A number of high-speed control problems, e.g. controlling plasma in aircraft actuations, fusion power plants, guiding of drones etc., are currently bottlenecked by the speed and latency of the control algorithms. Model predictive control (MPC) is an advanced technique to control complex systems, outperforming traditional PID control methods because it is able to predict control violations, rather than react to it. However, its control loop involves solving a quadratic problem at every control step, and therefore it is not computationally tractable for systems requiring speeds higher than kHz. Photonic neural networks help overcome this tradeoff by using techniques such as wavelength division multiplexing, which enables hundreds of high bandwidth signals (20 GHz) to be guided through a single optical waveguide.

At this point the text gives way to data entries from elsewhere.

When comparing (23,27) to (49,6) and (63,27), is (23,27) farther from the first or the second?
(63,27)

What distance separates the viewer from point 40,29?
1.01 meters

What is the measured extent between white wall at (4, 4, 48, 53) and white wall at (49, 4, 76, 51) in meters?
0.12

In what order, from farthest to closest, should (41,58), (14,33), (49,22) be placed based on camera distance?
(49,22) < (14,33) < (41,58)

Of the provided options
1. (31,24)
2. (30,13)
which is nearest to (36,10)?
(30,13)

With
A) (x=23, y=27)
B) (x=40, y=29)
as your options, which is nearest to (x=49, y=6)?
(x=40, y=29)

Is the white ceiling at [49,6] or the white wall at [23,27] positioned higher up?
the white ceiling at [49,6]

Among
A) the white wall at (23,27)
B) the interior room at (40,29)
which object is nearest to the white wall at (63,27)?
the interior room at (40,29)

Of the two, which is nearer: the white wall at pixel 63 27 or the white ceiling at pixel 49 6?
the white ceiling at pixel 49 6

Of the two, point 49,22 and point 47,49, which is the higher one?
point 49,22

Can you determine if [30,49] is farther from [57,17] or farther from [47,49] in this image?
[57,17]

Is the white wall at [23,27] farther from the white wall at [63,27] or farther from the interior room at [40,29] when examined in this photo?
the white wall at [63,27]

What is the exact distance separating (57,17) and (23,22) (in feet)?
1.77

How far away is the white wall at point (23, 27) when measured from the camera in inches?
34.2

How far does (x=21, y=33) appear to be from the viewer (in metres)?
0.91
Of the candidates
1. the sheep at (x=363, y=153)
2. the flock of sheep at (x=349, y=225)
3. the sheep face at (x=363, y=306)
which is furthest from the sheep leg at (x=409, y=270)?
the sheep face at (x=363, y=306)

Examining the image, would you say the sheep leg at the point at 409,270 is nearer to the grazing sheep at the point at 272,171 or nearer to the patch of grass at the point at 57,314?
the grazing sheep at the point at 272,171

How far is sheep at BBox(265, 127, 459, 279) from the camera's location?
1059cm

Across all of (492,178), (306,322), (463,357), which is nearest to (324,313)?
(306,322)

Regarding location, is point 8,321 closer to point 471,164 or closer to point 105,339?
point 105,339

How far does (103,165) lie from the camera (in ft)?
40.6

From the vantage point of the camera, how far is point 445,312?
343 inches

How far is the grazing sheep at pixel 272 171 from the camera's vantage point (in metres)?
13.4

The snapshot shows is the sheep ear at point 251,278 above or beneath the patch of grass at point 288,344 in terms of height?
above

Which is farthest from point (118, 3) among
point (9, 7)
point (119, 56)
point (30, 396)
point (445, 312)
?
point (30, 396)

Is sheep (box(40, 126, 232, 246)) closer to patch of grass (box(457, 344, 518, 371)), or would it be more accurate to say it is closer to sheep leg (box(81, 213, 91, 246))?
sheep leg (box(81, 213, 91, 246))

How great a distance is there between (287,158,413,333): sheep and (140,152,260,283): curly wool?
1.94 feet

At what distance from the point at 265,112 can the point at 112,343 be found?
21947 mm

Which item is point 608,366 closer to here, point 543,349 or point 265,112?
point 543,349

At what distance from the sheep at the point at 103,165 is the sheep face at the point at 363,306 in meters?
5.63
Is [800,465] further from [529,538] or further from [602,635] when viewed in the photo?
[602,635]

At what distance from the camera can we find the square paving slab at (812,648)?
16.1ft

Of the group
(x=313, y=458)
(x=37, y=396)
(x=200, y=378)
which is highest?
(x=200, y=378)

Neural networks were demonstrated to solve general-purpose quadratic optimization problems by Hopfield and Tank [194,195]. Until now, Hopfield networks have not been commonly implemented in hardware due to its all-to-all connectivity, which creates an undesirable tradeoff between neuron speed and neural network size – in an electronic circuit, as the number of connections increases, the bandwidth at which the system can operate decreases 57. This means a photonic Hopfield network implementation can simultaneously tackle quadratic programs with large dimensions and converge in nanoseconds [27]. Figure 17 illustrates the implementation of the MPC algorithm on a neuromorphic photonic processor. Implemented in photonic hardware, model predictive control can be employed in systems operating in the MHz regime.

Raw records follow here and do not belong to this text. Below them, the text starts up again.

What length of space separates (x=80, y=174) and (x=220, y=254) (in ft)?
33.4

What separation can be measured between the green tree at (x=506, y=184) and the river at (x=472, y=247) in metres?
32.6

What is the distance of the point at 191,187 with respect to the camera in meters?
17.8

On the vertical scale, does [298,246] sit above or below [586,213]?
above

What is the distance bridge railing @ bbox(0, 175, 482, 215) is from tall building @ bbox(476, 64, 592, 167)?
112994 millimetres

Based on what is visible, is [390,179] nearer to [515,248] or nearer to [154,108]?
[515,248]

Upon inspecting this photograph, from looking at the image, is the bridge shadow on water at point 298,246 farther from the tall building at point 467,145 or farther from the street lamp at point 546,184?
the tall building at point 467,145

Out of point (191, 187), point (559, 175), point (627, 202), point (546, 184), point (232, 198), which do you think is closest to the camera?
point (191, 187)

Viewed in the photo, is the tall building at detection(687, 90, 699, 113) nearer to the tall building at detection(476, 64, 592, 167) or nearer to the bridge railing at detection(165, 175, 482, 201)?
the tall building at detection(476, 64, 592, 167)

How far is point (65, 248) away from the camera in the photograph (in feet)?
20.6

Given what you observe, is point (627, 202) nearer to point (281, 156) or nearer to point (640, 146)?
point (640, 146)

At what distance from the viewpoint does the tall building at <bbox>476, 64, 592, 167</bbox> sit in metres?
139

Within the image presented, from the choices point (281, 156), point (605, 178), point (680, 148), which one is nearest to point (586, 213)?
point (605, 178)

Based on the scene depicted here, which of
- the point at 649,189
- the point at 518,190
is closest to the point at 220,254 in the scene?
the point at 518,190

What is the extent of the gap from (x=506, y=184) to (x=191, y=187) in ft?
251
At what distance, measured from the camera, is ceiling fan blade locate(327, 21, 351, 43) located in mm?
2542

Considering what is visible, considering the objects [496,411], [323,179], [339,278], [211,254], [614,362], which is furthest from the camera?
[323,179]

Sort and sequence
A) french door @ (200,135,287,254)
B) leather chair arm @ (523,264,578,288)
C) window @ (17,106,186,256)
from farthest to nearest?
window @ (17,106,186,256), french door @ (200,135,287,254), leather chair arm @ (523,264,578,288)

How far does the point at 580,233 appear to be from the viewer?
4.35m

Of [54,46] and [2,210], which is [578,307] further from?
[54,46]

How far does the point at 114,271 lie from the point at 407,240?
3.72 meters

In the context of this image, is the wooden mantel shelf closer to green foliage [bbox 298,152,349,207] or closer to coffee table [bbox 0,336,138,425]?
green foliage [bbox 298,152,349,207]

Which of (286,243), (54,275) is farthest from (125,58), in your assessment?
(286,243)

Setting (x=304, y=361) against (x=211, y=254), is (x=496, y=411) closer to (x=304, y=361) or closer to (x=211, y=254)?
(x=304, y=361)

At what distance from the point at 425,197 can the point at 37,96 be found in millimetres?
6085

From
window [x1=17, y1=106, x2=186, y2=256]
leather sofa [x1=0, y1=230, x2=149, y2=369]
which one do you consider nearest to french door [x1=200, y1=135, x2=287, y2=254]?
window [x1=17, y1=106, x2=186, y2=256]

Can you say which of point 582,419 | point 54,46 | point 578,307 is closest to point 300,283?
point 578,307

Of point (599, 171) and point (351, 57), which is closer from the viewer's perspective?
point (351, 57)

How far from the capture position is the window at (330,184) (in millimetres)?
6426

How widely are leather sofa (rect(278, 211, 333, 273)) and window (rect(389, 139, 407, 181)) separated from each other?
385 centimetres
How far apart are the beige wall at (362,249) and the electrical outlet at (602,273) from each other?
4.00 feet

Figure 17. Schematic figure of the procedure to implement the MPC algorithm on a neuromorphic photonic processor. Firstly, map the MPC problem to QP. Then, construct a QP solver with continuous-time recurrent neural networks (CT-RNN) [194]. Finally, build a neuromorphic photonic processor to implement the CT-RNN. The details of how to map MPC to QP, and how to construct a QP solver with CT-RNN are given in De Lima et al. (2019). Adapted from De Lima et al. [27]

6.3.2. Ordinary differential equation solving with a neural compiler

While neural networks are often used for their learning properties, they can also be programmed directly. Direct programming of analog systems has a major pitfall in that the components are unreliable and subject to parameter variation. One approach is to represent variables as population states that are robust to parameter variations. The neural engineering framework (NEF) [196] provides an algorithm to program ensembles of imperfect analog devices to perform operations on population coded variables.

118,demonstrated a programmable network of two photonic neurons. The NEF algorithm was fed the responses of photonic devices, resulting in a weight matrix that allows the network to approximate variables, operations, and differential equations. It was shown in simulation how 24 neurons could emulate the Lorenz attractor. The approximation improves with more neurons.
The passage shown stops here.